Proje Raporu
ÇARŞI
Çarşı geleneği, alışveriş ortak noktasıyla insanları bir araya getirir. Yüzyıllardır cami ve hamamlar ile birlikle çarşılar en büyük iletişim mekanlarıdır. Çarşı, karşılaşmanın ve kültürel üretimin temellendirdiği toplumsal bir şenlik halidir. Bu şenlik durumu esasında toplumu jenere eden bir işleyişe sahiptir.
Bakırköy Demirciler Çarşısı, ustalık, emek ve titizlik gerektiren demircilik uğraşısının modern yaşamın sunduğu kolaylıklara yenilmesiyle bu şenlikli dokusunu kaybetmiştir. Bölgedeki alışveriş kültürünün yakındaki alışveriş merkezlerine kaymasıyla ve ustalık ve el emeği ile icra edilen demircilik mesleğini sürdürmenin çağımıza zorluğu ve el işi demire duyulan talep azlığı ile birlikte bakımsızlaşan ve niteliğini kaybeden çarşının yeniden canlanabilmesi için bölge, çağdaş kamusal dinamikler doğrultusunda ‘çarşıyı yeniden tanımlama’ ihtiyacı duyar.
Yeniden tanımlama, zanaatkarlığın ve üretimin çağdaş bir biçimde yorumlanarak kent hayatına katılması ve kamusal programlarla desteklenmesi ile mümkün olabilir.
Yapı adasının, şu anki durumunda çarşı camiinin oluşturduğu kamusal potansiyeli değerlendirmek bu yeniden tanımlamanın ilk parçasıdır. Ek çarşı binası iki sokağı bağlamasına ve kamusal programlar bulundurmasına rağmen demirciler çarşısıyla ilişkisi zayıftır ve yeterince kamusal odak oluşturamamaktadır.
Bu ek yapının yerine, tescilsiz yapıların kaldırılmasıyla beraber yapı adasının ortasında kentsel bir boşluk oluşturulması bölgede rahatlatıcı bir kamusal alan oluşturur.
Bu alana, mevcut ve geçmişteki üretim geleneğini besleyecek yeni üretim katmanları eklenebilir ve kaldırılan ek cami yapısının kamusal fonksiyonları burada yeniden düzenlenebilir.

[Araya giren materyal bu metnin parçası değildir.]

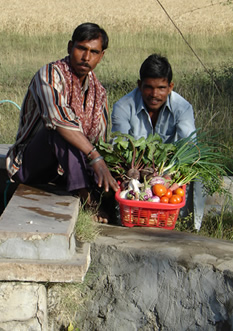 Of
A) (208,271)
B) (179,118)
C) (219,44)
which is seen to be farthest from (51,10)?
(208,271)

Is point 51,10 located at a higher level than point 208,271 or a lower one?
higher

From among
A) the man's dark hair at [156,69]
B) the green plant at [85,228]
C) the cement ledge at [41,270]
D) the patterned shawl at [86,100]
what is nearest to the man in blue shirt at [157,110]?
the man's dark hair at [156,69]

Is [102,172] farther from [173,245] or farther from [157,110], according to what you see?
[157,110]

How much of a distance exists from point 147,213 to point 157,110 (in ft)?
3.43

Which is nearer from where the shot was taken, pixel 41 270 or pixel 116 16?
pixel 41 270

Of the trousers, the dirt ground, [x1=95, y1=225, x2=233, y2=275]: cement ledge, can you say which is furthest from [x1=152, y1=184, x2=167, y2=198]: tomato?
the dirt ground

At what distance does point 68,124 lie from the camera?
132 inches

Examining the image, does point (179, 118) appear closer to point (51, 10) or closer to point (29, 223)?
point (29, 223)

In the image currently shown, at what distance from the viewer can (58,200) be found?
3.44 m

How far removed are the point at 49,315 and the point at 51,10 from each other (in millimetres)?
20524

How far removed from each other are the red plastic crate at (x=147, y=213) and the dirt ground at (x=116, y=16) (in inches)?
247

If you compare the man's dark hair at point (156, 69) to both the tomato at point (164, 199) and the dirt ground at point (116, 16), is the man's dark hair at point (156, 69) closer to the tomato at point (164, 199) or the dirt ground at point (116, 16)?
the tomato at point (164, 199)

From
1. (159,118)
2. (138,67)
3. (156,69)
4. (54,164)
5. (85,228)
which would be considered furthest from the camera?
(138,67)

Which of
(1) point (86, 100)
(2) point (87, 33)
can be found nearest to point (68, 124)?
(1) point (86, 100) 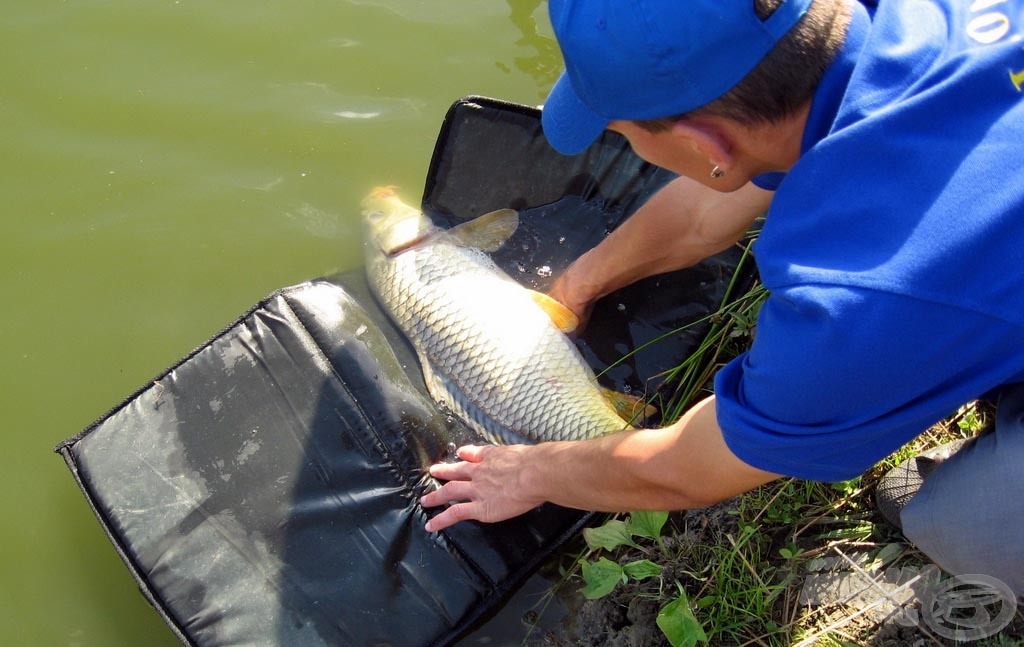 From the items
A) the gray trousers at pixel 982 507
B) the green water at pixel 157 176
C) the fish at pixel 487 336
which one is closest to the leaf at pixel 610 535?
Answer: the fish at pixel 487 336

Bu tanımlı kentsel boşluk, yeni çarşı tanımının önemli bir parçasıdır. Sokak kotundaki açık- yarı açık alanlar işleve göre dönüşen yani üretilenlerin satıldığı pazar veya etkinlik alanı gibi amaçlar için kullanılırken üst kotta da yeni atölye birimleri ve kütüphane birimiyle kamusallık devam ettirilir.
Bu yeni alana Dantelacı Sokak ve Hamam Sokak’tan direkt erişilebildiği gibi, Hallaç Hüseyin Sokak’taki mevcut çarşı dokusunun içinden geçilerek de erişilir. Bu geçirgenlik dar sokaklarla sınırlı kalan çarşı hacmini geliştirir ve zanaatkarlar için de bu boşluk, ferahlatıcı bir avluya dönüşür. Var olan dükkanların yeniden demirci, diğer zanaat veya sanat atölyeleriyle işlevlendirilebilir.

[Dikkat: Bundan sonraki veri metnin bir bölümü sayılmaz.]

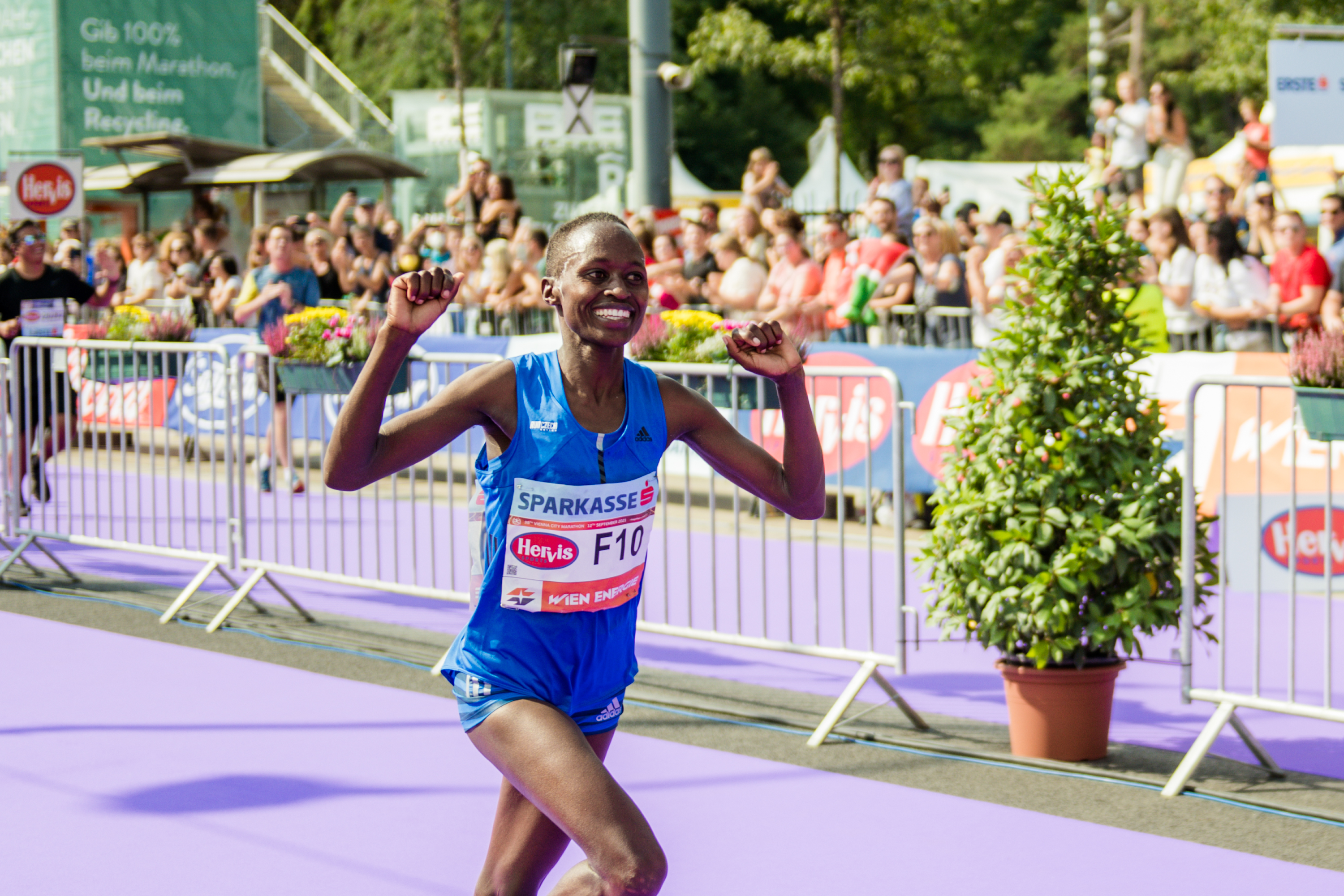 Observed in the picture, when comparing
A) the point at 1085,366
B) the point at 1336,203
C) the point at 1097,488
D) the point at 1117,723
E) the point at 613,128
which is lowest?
the point at 1117,723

Kütüphaneye ulaşım için bulunan sirkülasyon ve gözlem kulesi, minareyi çağdaş karakteriyle vurgulayan bir programa dönüşebilir. Bakırköy’ün en eski yapısı olan çarşı caminin özgün minaresini yükseklik olarak geçmeyen gözlem kulesi alanın caddeden fark edilebilirliğini artırır.
Kuleden direkt ulaşılan, alanı çevreleyen ve programları bağlayan koridorların cephelerinde, ürünler sergilenir ve böylece üretimin son halkası mimari bir elemana dönüşür. Bu, aynı zamanda dışarıdan alanın karakterini ifade eden bir vitrin gibi çalışır.